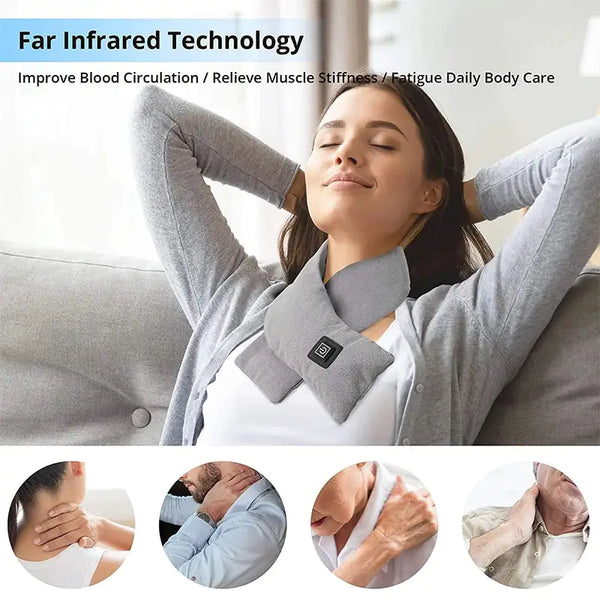 Smart Electric Heating Scarf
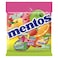 Mentos Fruit Mix Flavoured Chewy Candy Pack of 26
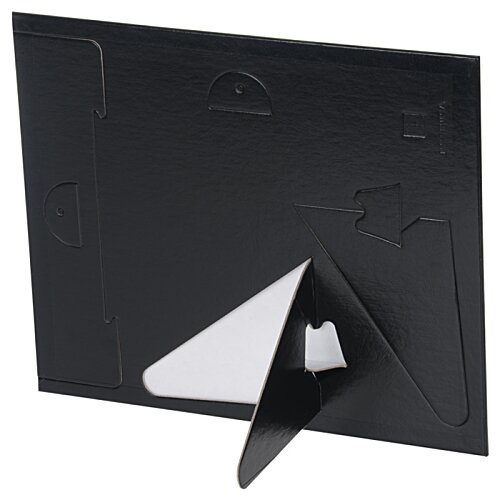 Additional Image 2 - a black square with a white triangle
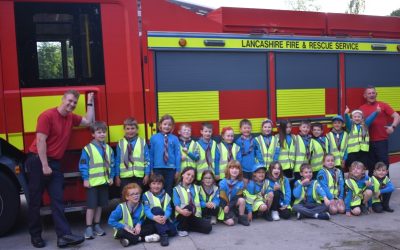 Grey Colony Fire Station Visit 2025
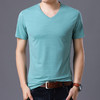 DN-5188新款男士夏季v领莫代尔棉体恤衫TZW 商品缩略图3
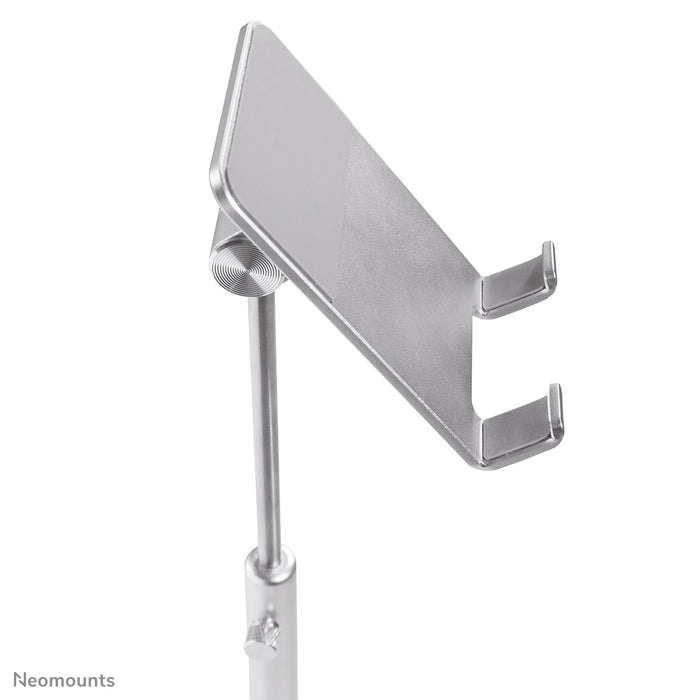 height-adjustable telephone support - Silver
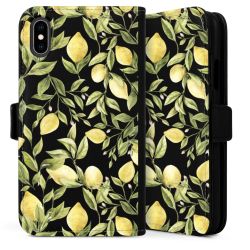 Sideflip Fodral med flap svart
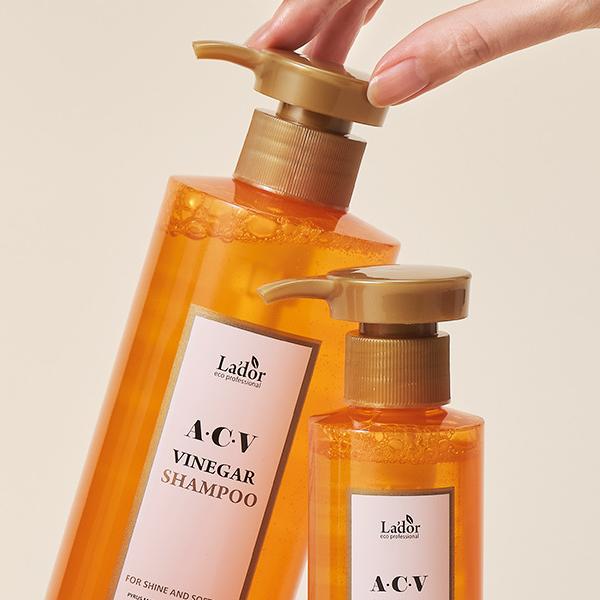 Lador ACV Шампунь с уксусом / Успокаивающее средство для кожи головы, блеск волос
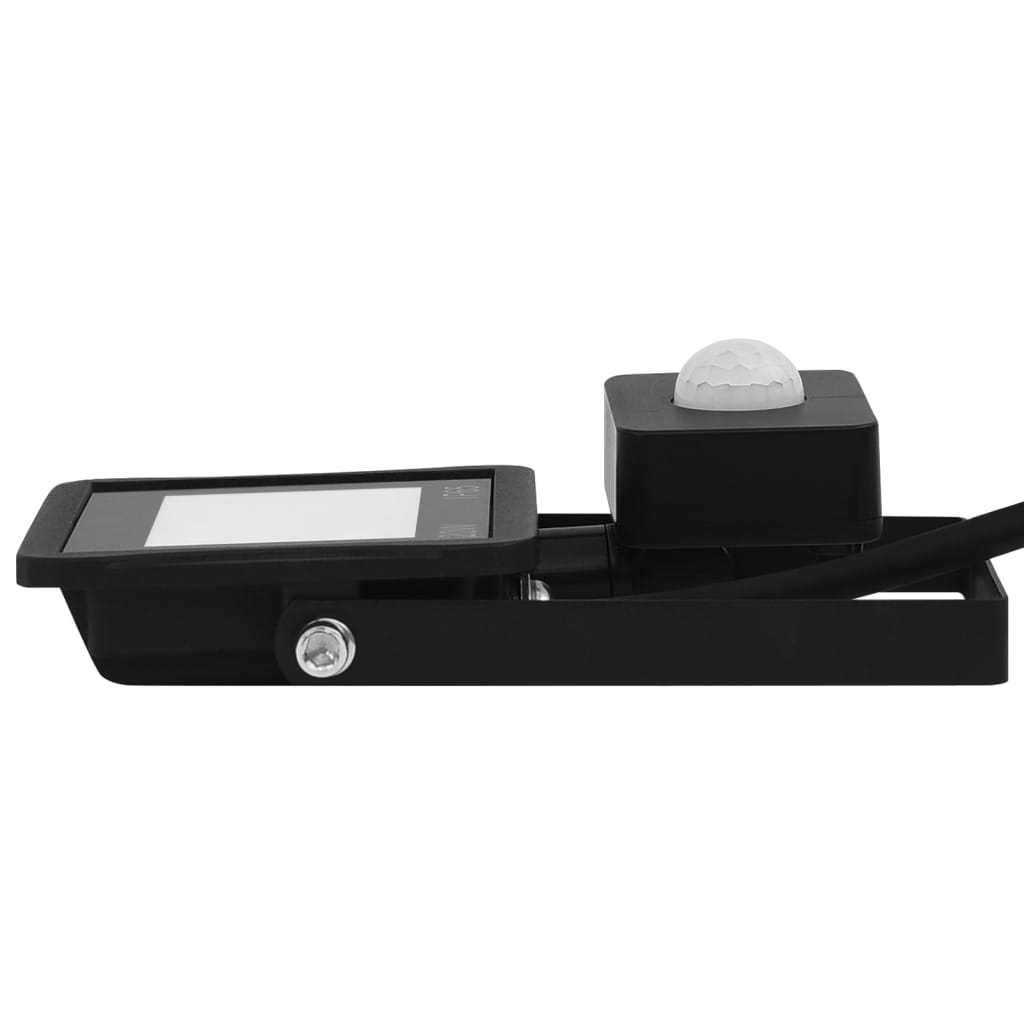 vidaXL Proiector LED cu senzor, 20 W, alb cald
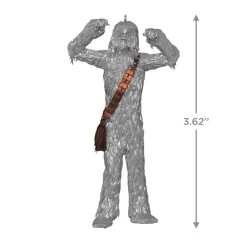 Hallmark Disney 100 Years Of Wonder Star Wars™ And Marvel Heroes Ornaments, Set Of 4 -Hallmark Toys Shop Chewie Grogu Black Panther Spiderman Keepsake Ornaments 5499QXI7447 08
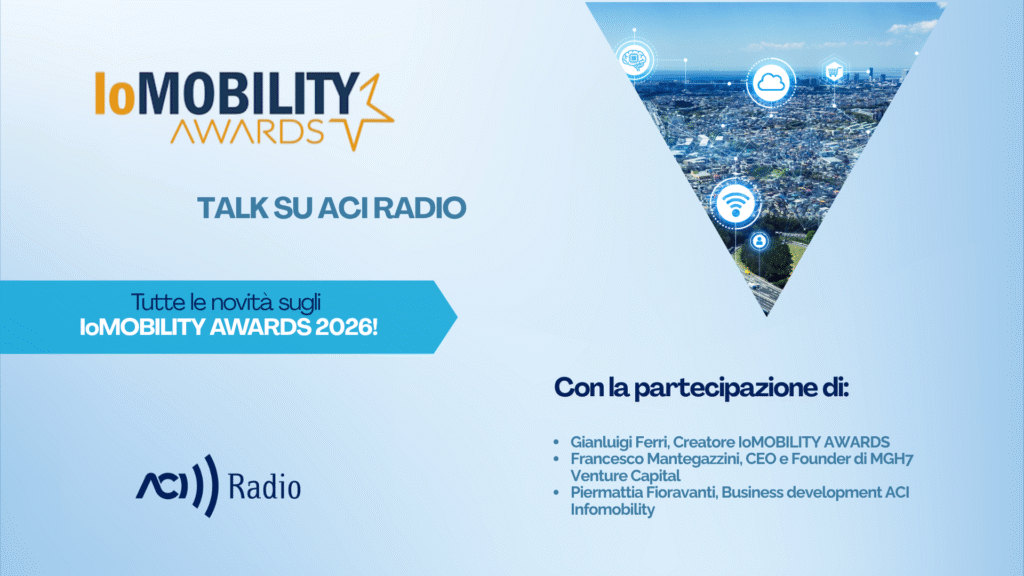 ACI Radio talk: IoMOBILITY Awards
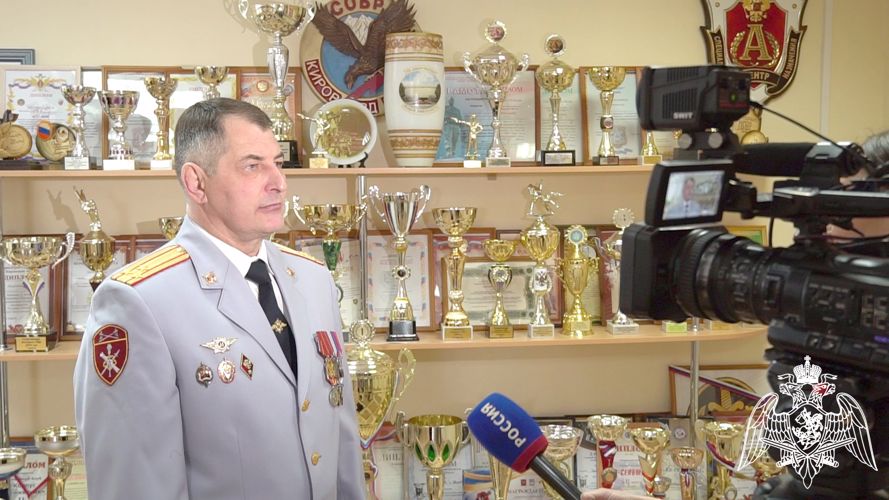 Один день в СОБР "ЩИТ" Росгвардии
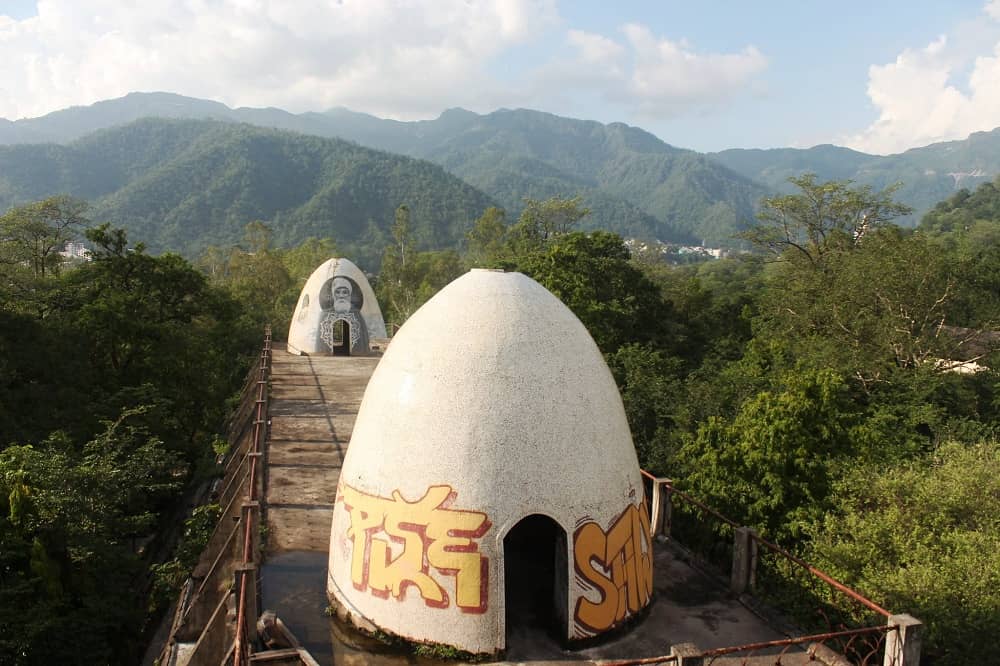 Beatles Ashram Swarg Ashram Rishikesh Uttarakhand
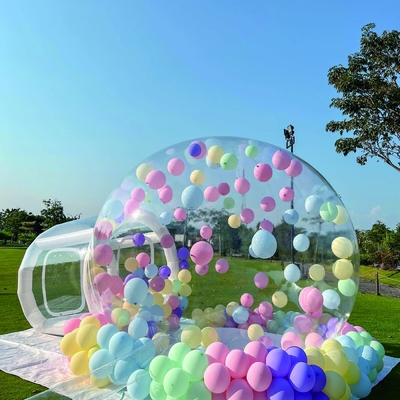 CE approvato inflatabile Bubble House trasparente Kids Party con soffiatore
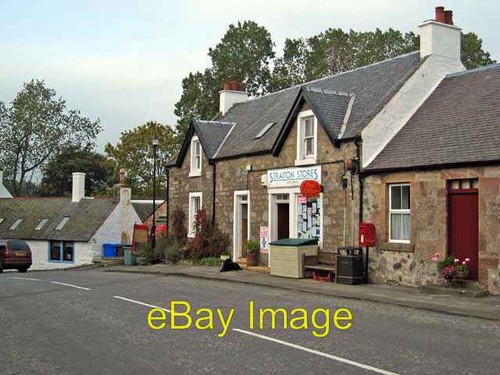 Straiton Photo 6x4 Straiton Stores and Post Office Straiton/NS3804 Are post ...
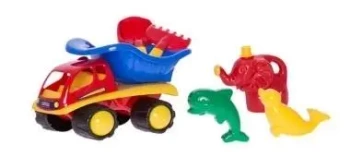 Wywrotka z konewką i foremkami - Hemar Family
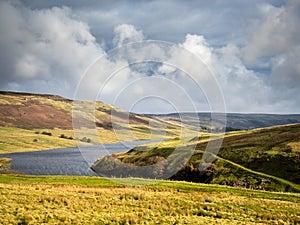 Scar House Reservoir. Yorkshire Dales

--*--

Please repeat, exactly as written, only the lines from the line with "CE approvato inflatabile" to the end of the data, leaving out every picture.

## YOUR SOLUTION:
 CE approvato inflatabile Bubble House trasparente Kids Party con soffiatore
 Straiton Photo 6x4 Straiton Stores and Post Office Straiton/NS3804 Are post ...
 Wywrotka z konewką i foremkami - Hemar Family
 Scar House Reservoir. Yorkshire Dales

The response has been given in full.